Uluslararası Af Örgütü son üç aydır, İsrail’in 23 Eylül 2024’te başlattığı ‘Kuzey Okları Operasyonu’ bağlamında işlenen uluslararası hukuk suçlarını araştırmaktadır. Yalnızca ilk günde, İsrail güçleri Lübnan genelinde en az bin 600 saldırı gerçekleştirdi ve bu saldırılarda köyler ve şehirler vuruldu, 500’ün üzerinde kişi öldürüldü. Hizbullah İsrail’e 200’den fazla roket fırlattı.
Bu araştırma, Hizbullah’ın İsrail’deki nüfuslu yerleşim bölgelerine aylarca tekrar tekrar düzenlediği, uluslararası insancıl hukuku ihlal eden güdümsüz roket saldırılarına odaklanmaktadır. Uluslararası Af Örgütü daha önce İsrail’in savaş suçu olarak soruşturulması gereken hukuka aykırı hava saldırılarında 49 sivili öldürdüğünü ve uluslararası hukuk kapsamındaki yükümlülüklerini ihlal ederek sivillere yönelik yetersiz tahliye uyarıları yayımladığını belgeledi.
Uluslararası Af Örgütü, Hizbullah’ın Ekim 2024’te İsrail’in sivil bölgelerine yönelik gerçekleştirdiği ve sekiz sivilin öldürülmesine, en az 16 sivilin de yaralanmasına yol açan üç roket saldırısını belgeledi.
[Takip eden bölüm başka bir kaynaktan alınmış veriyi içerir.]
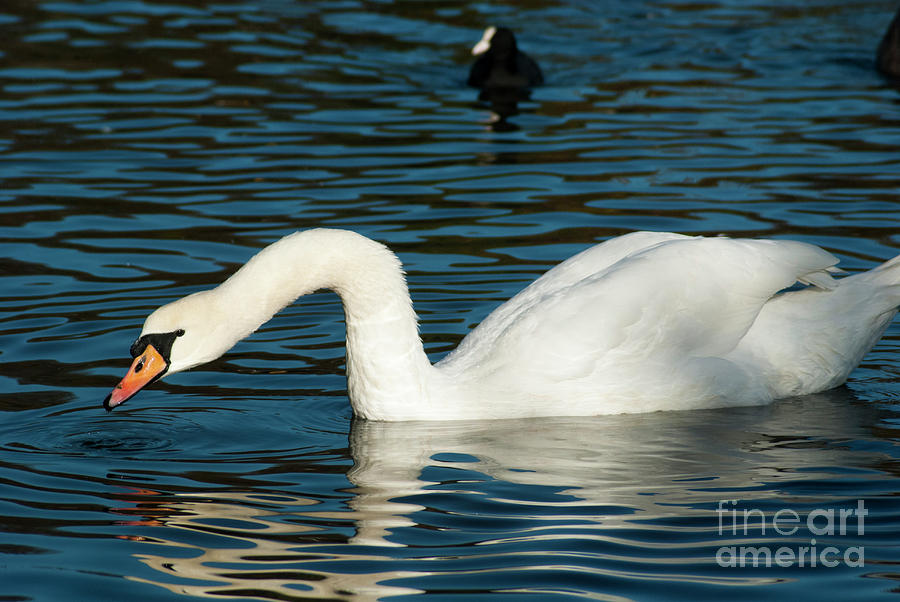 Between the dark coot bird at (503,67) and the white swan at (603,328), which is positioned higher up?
the dark coot bird at (503,67)

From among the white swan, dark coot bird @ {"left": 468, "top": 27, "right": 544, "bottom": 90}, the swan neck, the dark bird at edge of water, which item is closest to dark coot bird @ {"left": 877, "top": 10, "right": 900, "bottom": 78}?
the dark bird at edge of water

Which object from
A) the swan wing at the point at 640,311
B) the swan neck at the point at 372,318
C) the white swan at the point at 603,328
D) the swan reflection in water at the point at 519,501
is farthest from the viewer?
the swan wing at the point at 640,311

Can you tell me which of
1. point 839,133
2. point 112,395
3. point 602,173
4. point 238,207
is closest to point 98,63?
point 238,207

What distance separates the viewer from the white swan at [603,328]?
7.32 meters

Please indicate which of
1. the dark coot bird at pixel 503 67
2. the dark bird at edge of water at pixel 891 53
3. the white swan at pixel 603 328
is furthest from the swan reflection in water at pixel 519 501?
the dark bird at edge of water at pixel 891 53

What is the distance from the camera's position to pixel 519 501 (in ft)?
20.7

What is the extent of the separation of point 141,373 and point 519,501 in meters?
1.84

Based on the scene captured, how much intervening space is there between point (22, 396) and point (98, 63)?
32.3 feet

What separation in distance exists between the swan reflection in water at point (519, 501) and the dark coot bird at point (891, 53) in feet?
32.0

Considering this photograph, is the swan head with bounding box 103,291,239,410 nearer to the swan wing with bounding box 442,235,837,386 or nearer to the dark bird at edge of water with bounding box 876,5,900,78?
the swan wing with bounding box 442,235,837,386

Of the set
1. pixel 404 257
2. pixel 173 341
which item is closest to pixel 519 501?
pixel 173 341

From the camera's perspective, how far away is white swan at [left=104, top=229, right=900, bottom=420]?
24.0 ft

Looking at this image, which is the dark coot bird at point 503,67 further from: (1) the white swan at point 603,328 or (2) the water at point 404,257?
(1) the white swan at point 603,328

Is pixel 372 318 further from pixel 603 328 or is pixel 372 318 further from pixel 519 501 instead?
pixel 519 501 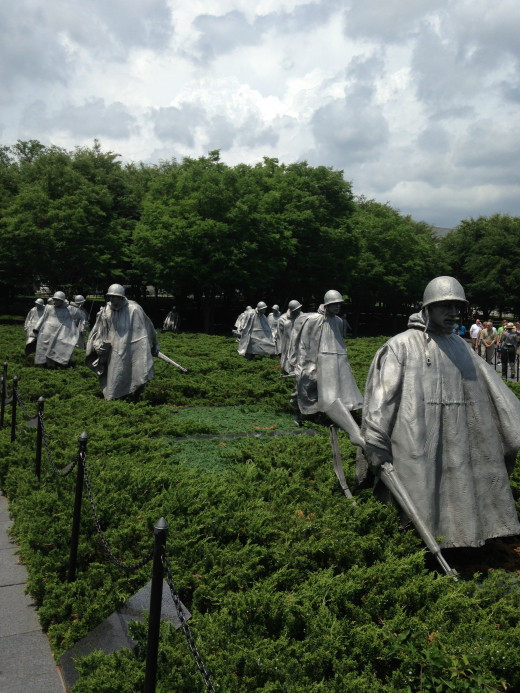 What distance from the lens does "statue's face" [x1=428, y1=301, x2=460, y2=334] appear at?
477 cm

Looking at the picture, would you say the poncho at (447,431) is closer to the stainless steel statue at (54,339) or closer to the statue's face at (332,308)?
the statue's face at (332,308)

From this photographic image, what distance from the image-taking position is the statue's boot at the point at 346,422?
191 inches

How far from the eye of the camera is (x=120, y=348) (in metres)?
10.7

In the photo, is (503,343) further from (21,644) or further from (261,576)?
(21,644)

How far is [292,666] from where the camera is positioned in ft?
11.0

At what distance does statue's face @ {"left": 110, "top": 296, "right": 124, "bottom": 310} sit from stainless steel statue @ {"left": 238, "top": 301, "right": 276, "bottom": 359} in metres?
9.84

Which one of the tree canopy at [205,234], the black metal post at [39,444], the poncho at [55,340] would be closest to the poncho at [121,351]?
the black metal post at [39,444]

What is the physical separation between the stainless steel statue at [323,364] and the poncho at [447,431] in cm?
475

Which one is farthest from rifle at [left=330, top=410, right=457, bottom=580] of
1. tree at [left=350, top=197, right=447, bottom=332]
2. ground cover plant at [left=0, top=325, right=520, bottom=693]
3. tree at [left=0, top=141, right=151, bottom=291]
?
tree at [left=350, top=197, right=447, bottom=332]

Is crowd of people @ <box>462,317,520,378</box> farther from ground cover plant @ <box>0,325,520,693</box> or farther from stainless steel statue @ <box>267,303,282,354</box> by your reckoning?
ground cover plant @ <box>0,325,520,693</box>

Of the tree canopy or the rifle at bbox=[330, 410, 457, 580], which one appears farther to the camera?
the tree canopy

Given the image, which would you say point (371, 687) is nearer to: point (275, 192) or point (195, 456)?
point (195, 456)

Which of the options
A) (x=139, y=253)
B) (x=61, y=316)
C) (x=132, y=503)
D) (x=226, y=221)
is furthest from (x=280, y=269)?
(x=132, y=503)

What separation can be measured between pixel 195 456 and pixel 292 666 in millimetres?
4647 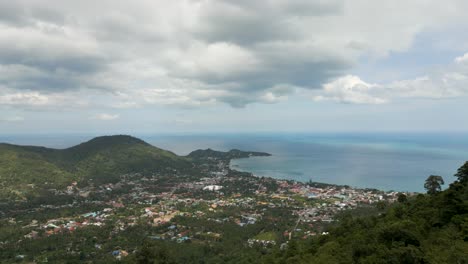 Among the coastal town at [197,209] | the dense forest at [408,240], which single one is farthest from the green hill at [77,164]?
the dense forest at [408,240]

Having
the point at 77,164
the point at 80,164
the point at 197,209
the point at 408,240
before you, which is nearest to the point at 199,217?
the point at 197,209

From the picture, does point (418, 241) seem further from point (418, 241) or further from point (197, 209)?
point (197, 209)

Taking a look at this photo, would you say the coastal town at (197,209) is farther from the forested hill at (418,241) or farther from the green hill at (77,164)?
the forested hill at (418,241)

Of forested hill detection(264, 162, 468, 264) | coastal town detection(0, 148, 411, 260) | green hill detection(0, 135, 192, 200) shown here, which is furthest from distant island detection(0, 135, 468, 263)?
green hill detection(0, 135, 192, 200)

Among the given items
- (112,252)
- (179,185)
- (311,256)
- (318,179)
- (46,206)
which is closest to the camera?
(311,256)

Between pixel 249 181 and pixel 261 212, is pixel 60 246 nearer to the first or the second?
pixel 261 212

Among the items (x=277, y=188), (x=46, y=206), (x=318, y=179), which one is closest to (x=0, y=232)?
(x=46, y=206)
Bu saldırılar savaş suçu olarak soruşturulmalıdır.
Uluslararası Af Örgütü’nün iki silah uzmanı, Hizbullah tarafından kaydedilen ve bu tür roketlerin fırlatıldığına örnek teşkil eden 12 video ile Hizbullah’ın Telegram kanallarında paylaştığı, saldırıların hedeflerini açıklayan yüzlerce açıklamayı inceledi. İsrail ile Hizbullah arasındaki ateşkesten önceki haftalarda Hizbullah, diğerlerinin yanı sıra Hayfa, Taberiye, Akka, Safed, Karmiel, Kfar Giladi ve Krayot bölgesi dahil şehirlere ve kasabalara roket fırlattıklarını duyurdu. Bazı durumlarda ısrarla askeri hedeflere saldırı düzenlediklerini açıkladılar ancak bazı durumlarda da genel olarak sivil şehri veya kasabayı hedef aldıklarını belirttiler.
Uluslararası Af Örgütü, videolarda güdümsüz 122mm, 220mm, 240mm ve 302mm çok namlulu roketatar sistemini tespit etti. Bu roketler, herhangi bir güven derecesiyle nişan almanın ve nereyi vuracaklarını tam olarak belirlemenin mümkün olmaması nedeniyle yapıları gereği hedef hassasiyetinden yoksundur. Bu nedenle, sivillerin yoğun olarak yaşadığı bölgelerde kullanılmaları, uluslararası insancıl hukukun temel ilkesi olan ayrım ilkesini ihlal eder.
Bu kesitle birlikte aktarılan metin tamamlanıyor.